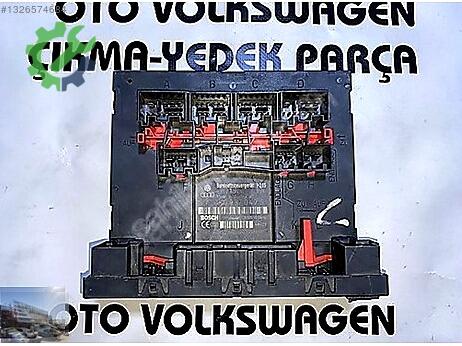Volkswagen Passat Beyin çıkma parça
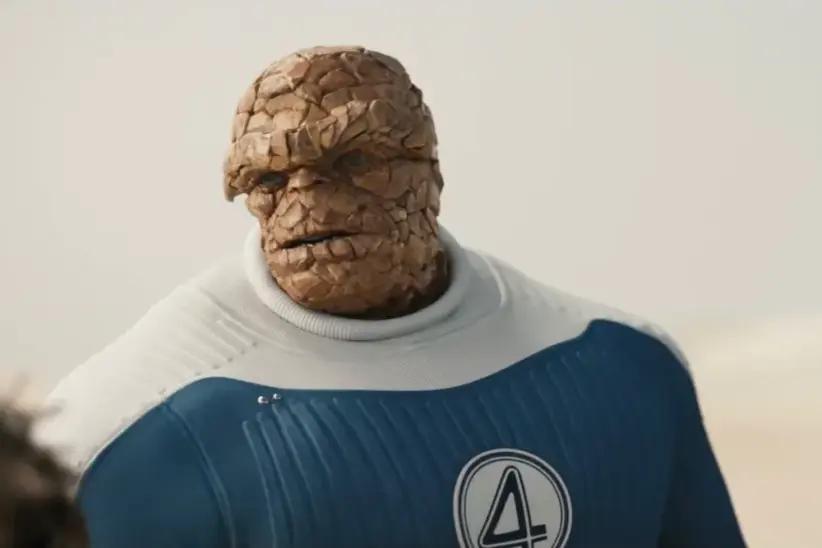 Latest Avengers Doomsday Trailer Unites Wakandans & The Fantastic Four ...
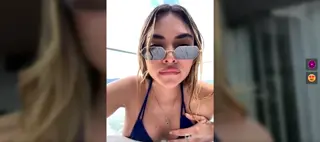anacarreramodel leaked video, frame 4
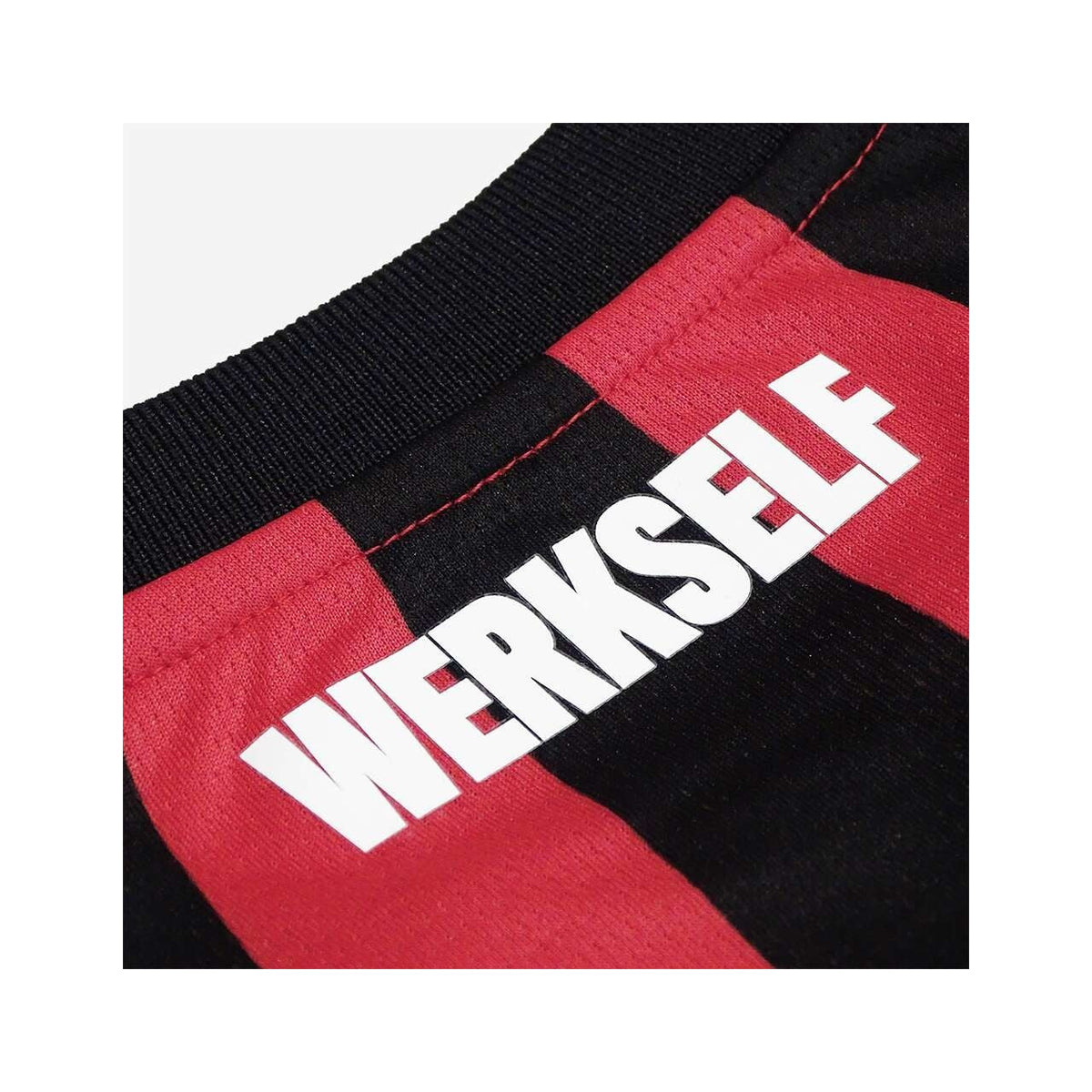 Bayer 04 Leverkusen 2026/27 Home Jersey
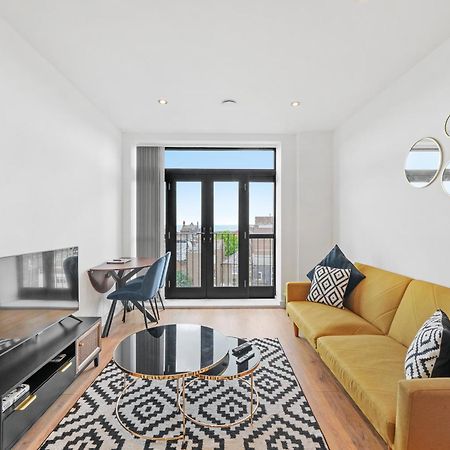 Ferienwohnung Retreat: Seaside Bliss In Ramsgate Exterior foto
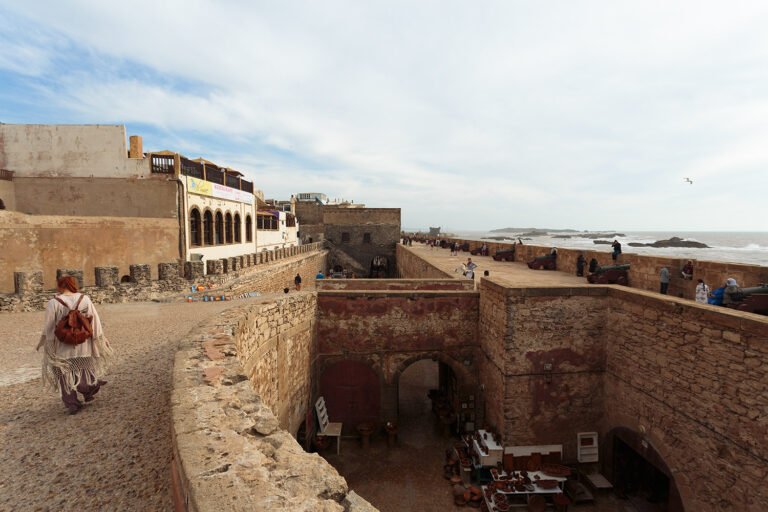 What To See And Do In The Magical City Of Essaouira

● ● ● ●

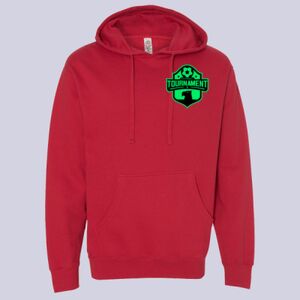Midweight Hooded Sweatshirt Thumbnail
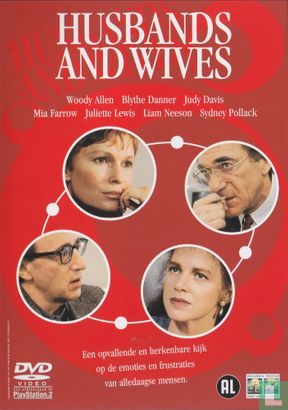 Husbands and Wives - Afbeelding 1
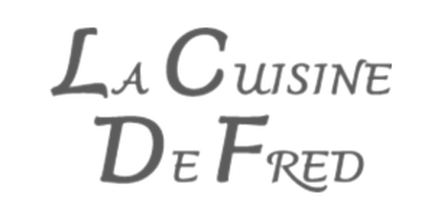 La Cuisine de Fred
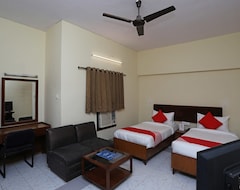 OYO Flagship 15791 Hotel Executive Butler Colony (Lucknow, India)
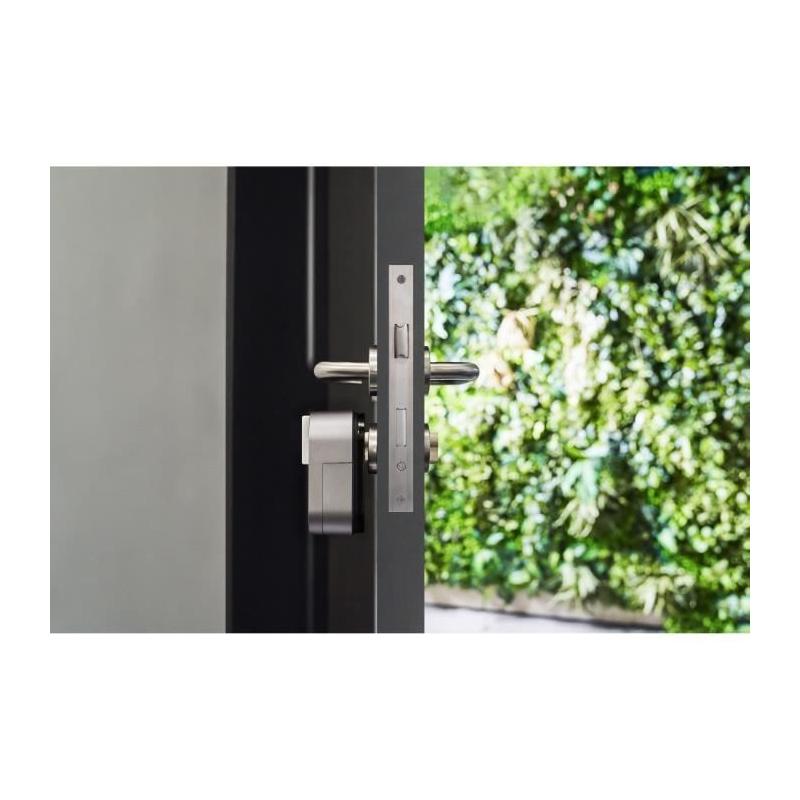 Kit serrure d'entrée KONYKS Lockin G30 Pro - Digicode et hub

● ● ● ●

→ **Exercise instructions**
From the records above, transcribe exactly the lines starting at the one containing "Volkswagen Passat Beyin çıkma parça" and ending at the one containing "What To See". Skip the pictures.

→ **Output for this exercise**
Volkswagen Passat Beyin çıkma parça
 Latest Avengers Doomsday Trailer Unites Wakandans & The Fantastic Four ...
anacarreramodel leaked video, frame 4
 Bayer 04 Leverkusen 2026/27 Home Jersey
 Ferienwohnung Retreat: Seaside Bliss In Ramsgate Exterior foto
 What To See And Do In The Magical City Of Essaouira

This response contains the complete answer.